Under the current rules you can make annual gifts of up to £3,000 per year and carry forward the annual gift once, giving you a reduction of £6,000 against IHT. Small tax free gifts of £250 can be given each year to a recipient of your choice. You can also make gifts in consideration of marriage or civil partnership.
The recommendations in relation to the 7 year rule, abolition of taper relief and the proposed introduction of an overall personal gift allowance are sensible and to be welcomed. They would simplify the rules considerably and make it easier for individuals (and their advisers) to think about gifting and estate planning.
Unfortunately, the report did not go so far as to say that the nil rate band (currently at £325,000, where it has been for many years) should be increased or that the residence nil rate band (which is complex) be re-considered, merely noting that the latter is still very new and more time is needed to evaluate its effectiveness (or not!).
Generally (and probably reasonably), no capital gains tax is payable on death and where IHT otherwise applies.
The report suggests that the government should consider removing the CGT uplift where a relief or exemption from IHT applies, and instead the recipient should be deemed as having acquired the asset at the historic base cost from the person who has died.
In a sense, the recommendation is logical in that where an asset would be exempt from IHT anyway (due to the application of a relief or exemption), why shouldn't CGT still apply on a later disposal?
However, the recommendation is also quite radical and it would have a significant impact. The government should give this very careful consideration.

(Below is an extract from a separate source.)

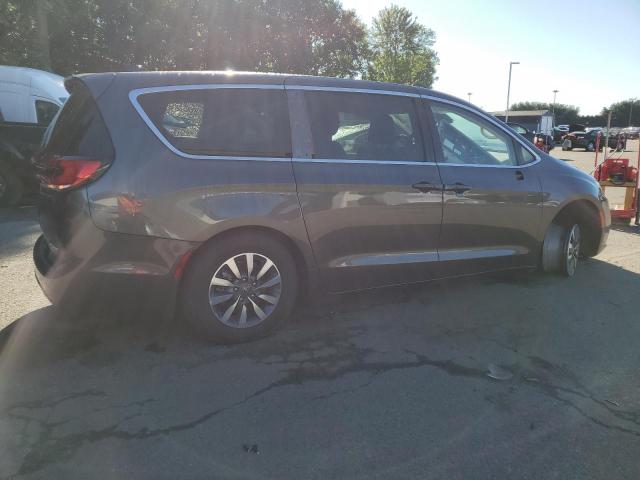 Photo 3 from auction – 2023 CHRYSLER PACIFICA H with VIN 2C4RC1L77PR595071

An estate can claim both BPR and APR from IHT. The reliefs are to prevent any break up of a company business following death of an owner and there are currently differing requirements needed to qualify for the exemptions in comparison to similar reliefs for CGT. A level of trading activity has to be evidenced for BPR to apply.
Certainly any reform to APR (and HMRC's approach) would be most welcomed as the relief can be difficult for executors to claim, particularly with elderly or ill farmers.

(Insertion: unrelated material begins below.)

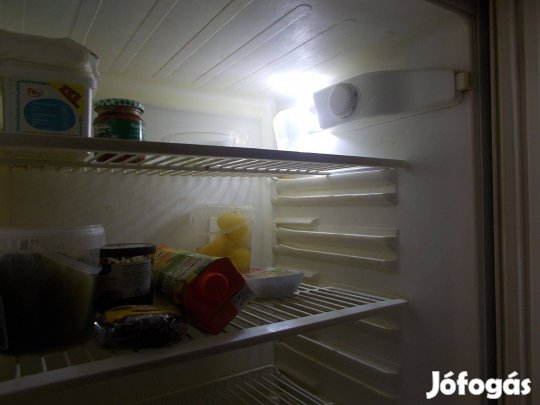 Hűtőszekrény led izzó akár mikróhullámúba is!! Nappali fehérség!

The recommendations in relation to BPR are potentially significant. Aligning the BPR trading test with the tests for gift holdover relief and entrepreneurs' relief would be a simplification but may also make it harder to claim BPR.
The report also notes that the availability of BPR for AIM shares may not be in line with the policy behind BPR generally (to prevent farms or businesses being broken up). It stops short of making any particular recommendations but if BPR was removed from AIM shares that would have a sizeable impact on IHT planning and investment management.
The recommendations around the inconsistencies of the treatment of LLPs and holding companies are also welcome.
Generally the recommendations are sensible and deserve a (cautious) welcome from individuals and advisers. However, it will be interesting to see how the proposals are taken forward (if at all) and the eventual impact on an individual's estate planning and IHT could be significant.